** EXCERPTED RECORDS follows **

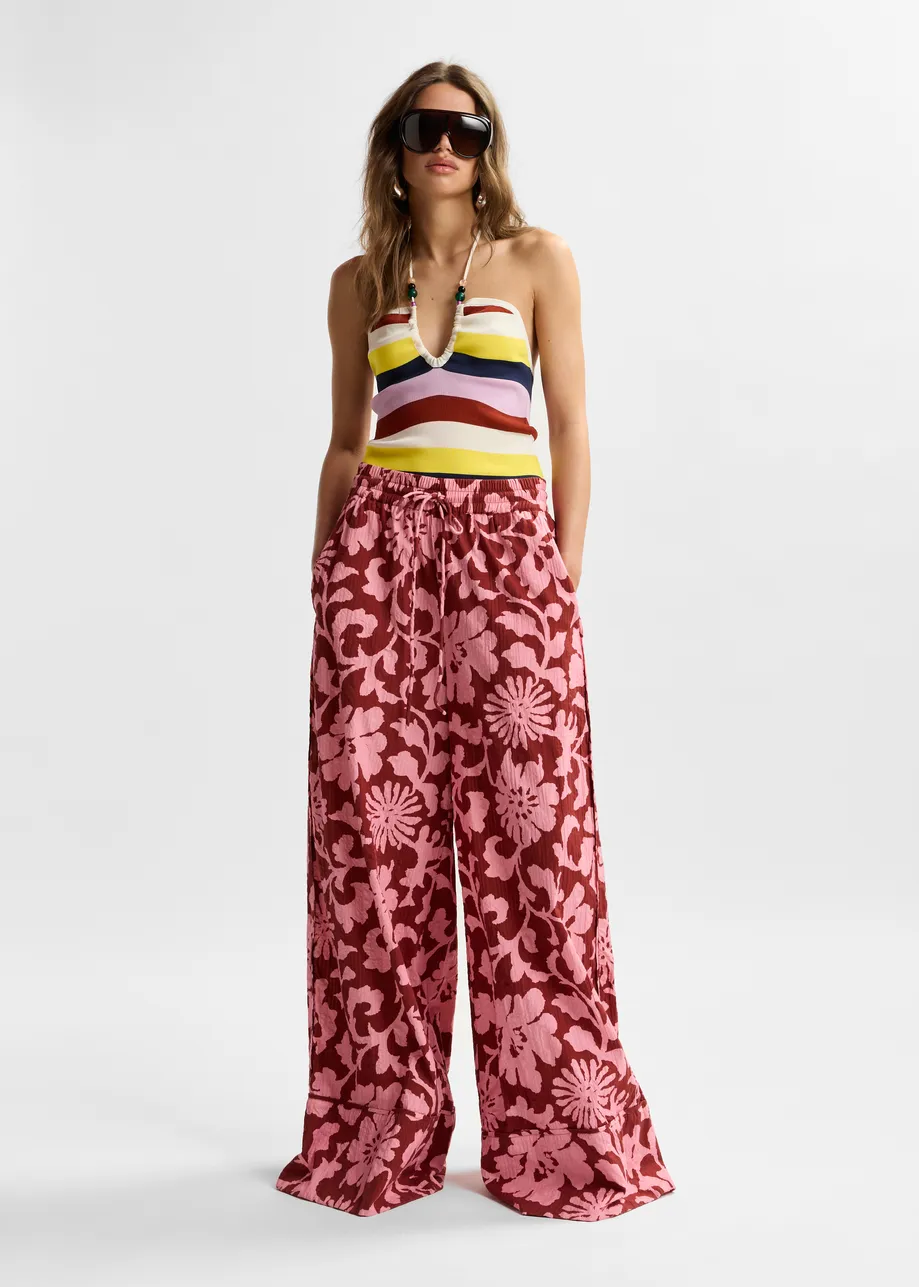 Pink and dark red wide-leg pants with contrast stitching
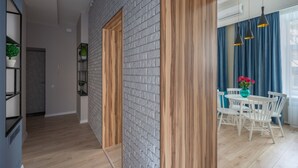 Un intérieur moderne avec un mur en briques, une porte en bois et un coin repas comprenant des chaises blanches et une table.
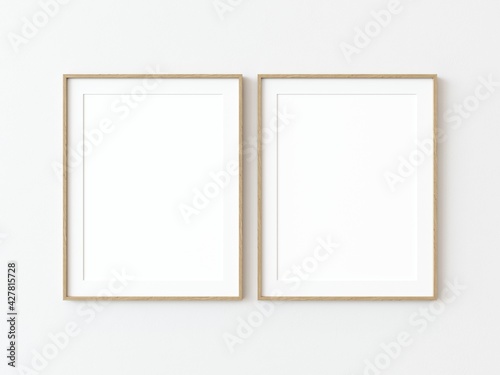 Two light wood thin rectangular vertical frame hanging on a white textured wall mockup  Flat lay  top view  3D illustration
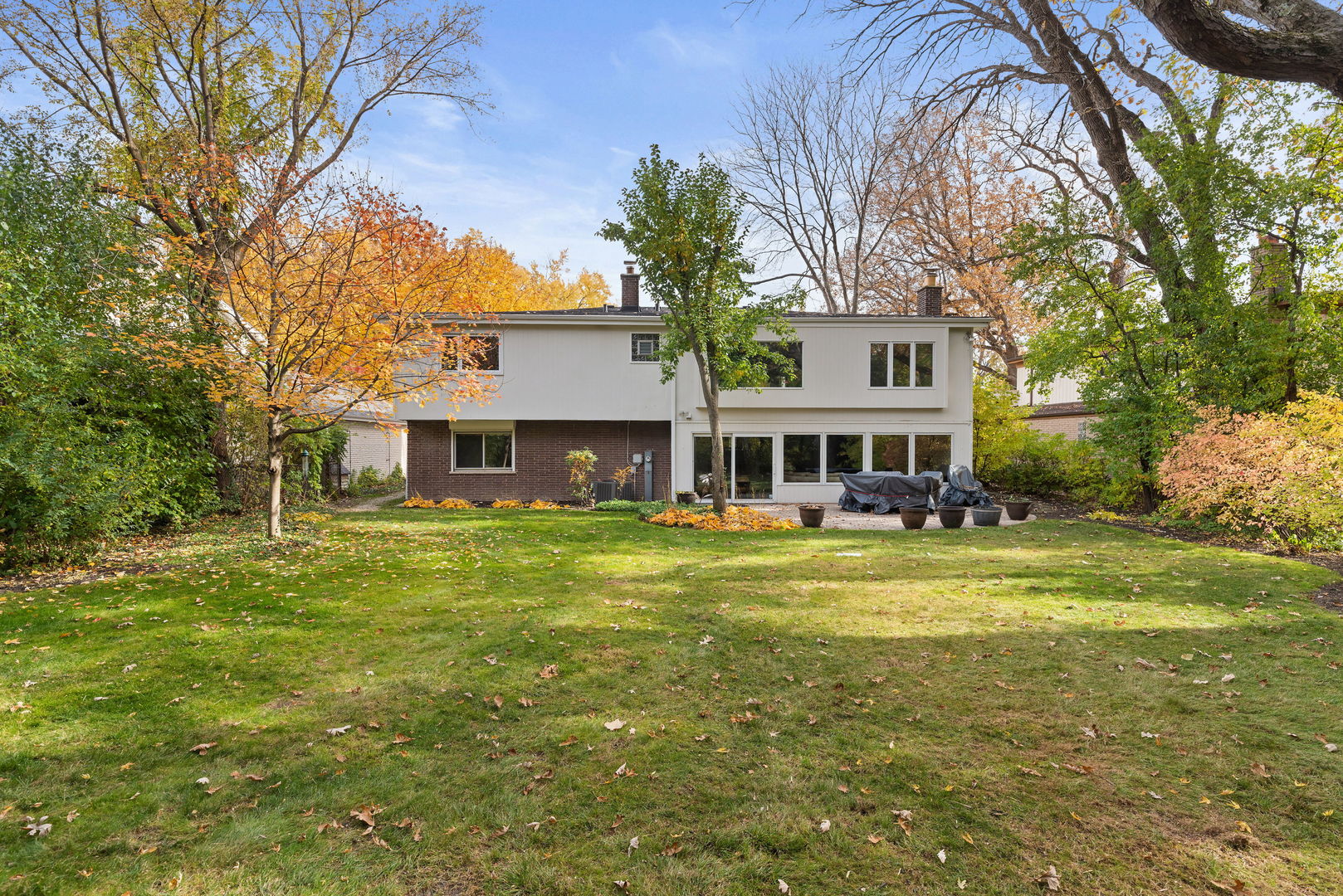 1736 Cavell Avenue Highland Park, IL 60035 - Photo 4 of 29 a front view of a house with swimming pool having outdoor seating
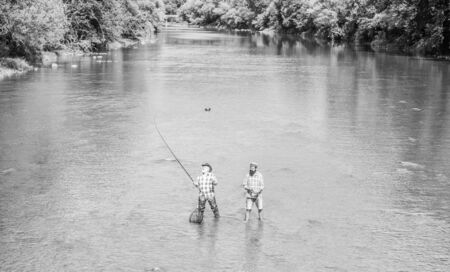one mission. Big game fishing. male friendship. father and son fishing. adventures. two happy fisherman with fishing rod and net. recreation and leisure outdoor. hobby and sport activity. Trout bait.の写真素材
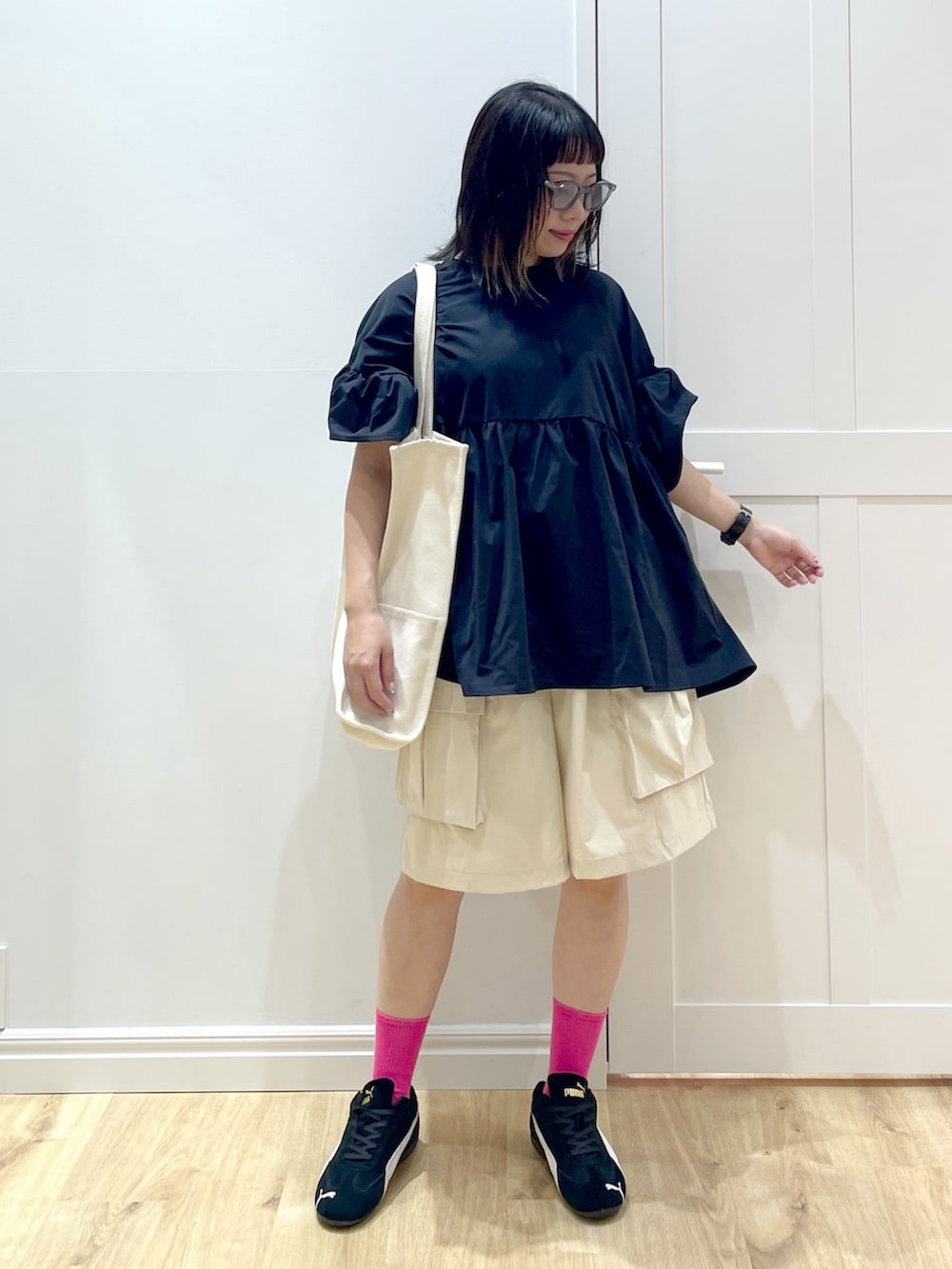 ブラック系のスニーカー、ホワイト系のトートバッグ、ブルー系のサングラスを着用したレディースの夏コーディネートの4枚目の写真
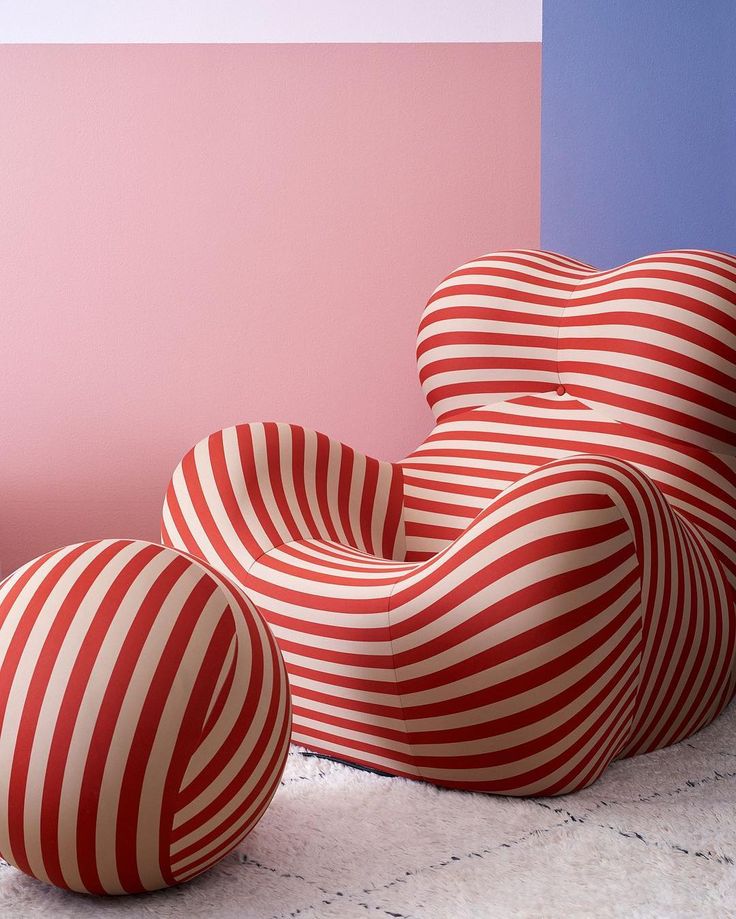 two red and white striped chairs sitting next to each other on top of a floor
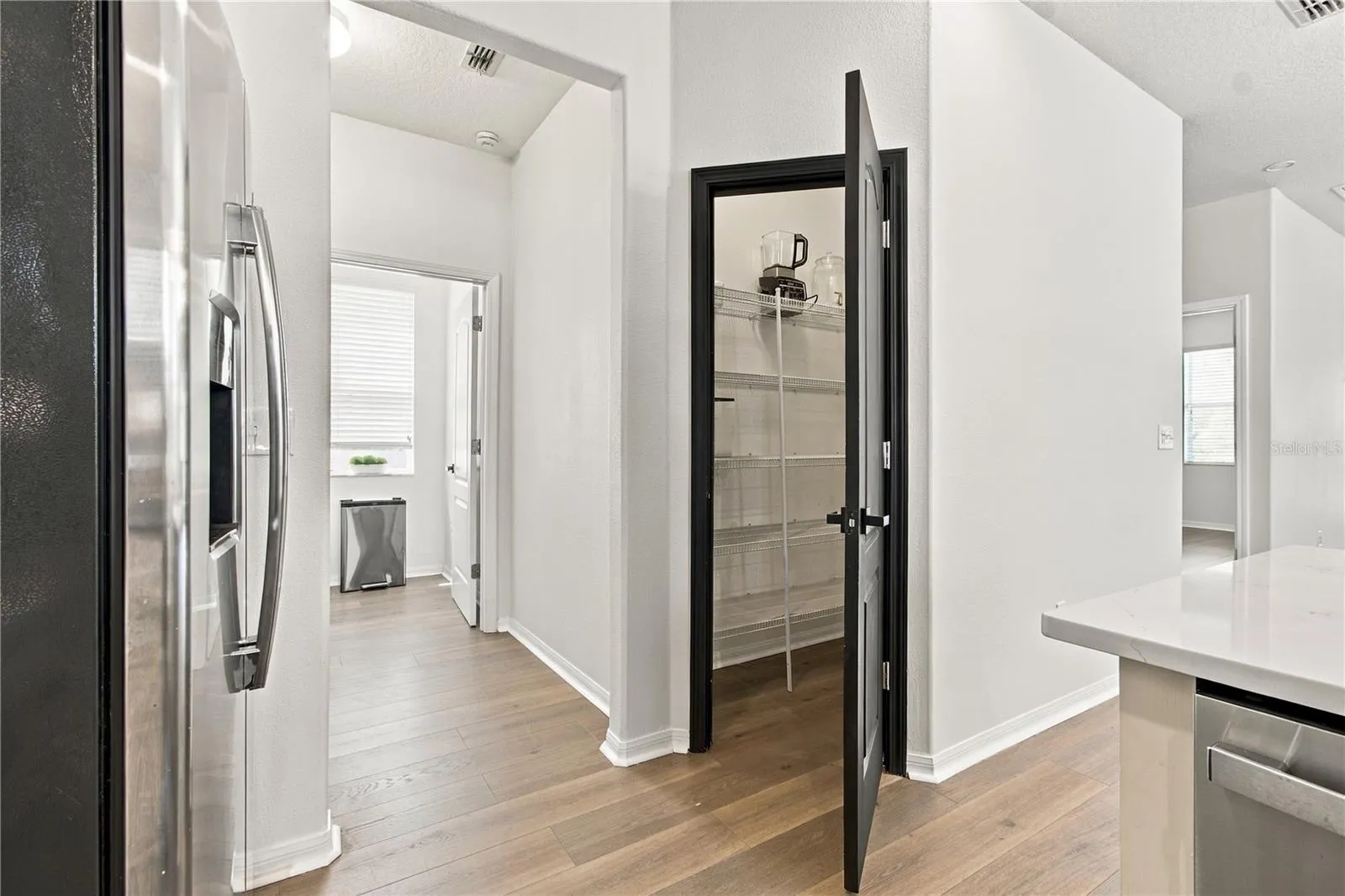 Kitchen Pantry to Laundry Room.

** End of EXCERPTED RECORDS **

*TASK STATEMENT:* Type the records out again in full, exactly, with each picture omitted.

*WRITTEN RESPONSE:*
 Pink and dark red wide-leg pants with contrast stitching
 Un intérieur moderne avec un mur en briques, une porte en bois et un coin repas comprenant des chaises blanches et une table.
 Two light wood thin rectangular vertical frame hanging on a white textured wall mockup  Flat lay  top view  3D illustration
 1736 Cavell Avenue Highland Park, IL 60035 - Photo 4 of 29 a front view of a house with swimming pool having outdoor seating
one mission. Big game fishing. male friendship. father and son fishing. adventures. two happy fisherman with fishing rod and net. recreation and leisure outdoor. hobby and sport activity. Trout bait.の写真素材
 ブラック系のスニーカー、ホワイト系のトートバッグ、ブルー系のサングラスを着用したレディースの夏コーディネートの4枚目の写真
 two red and white striped chairs sitting next to each other on top of a floor
 Kitchen Pantry to Laundry Room.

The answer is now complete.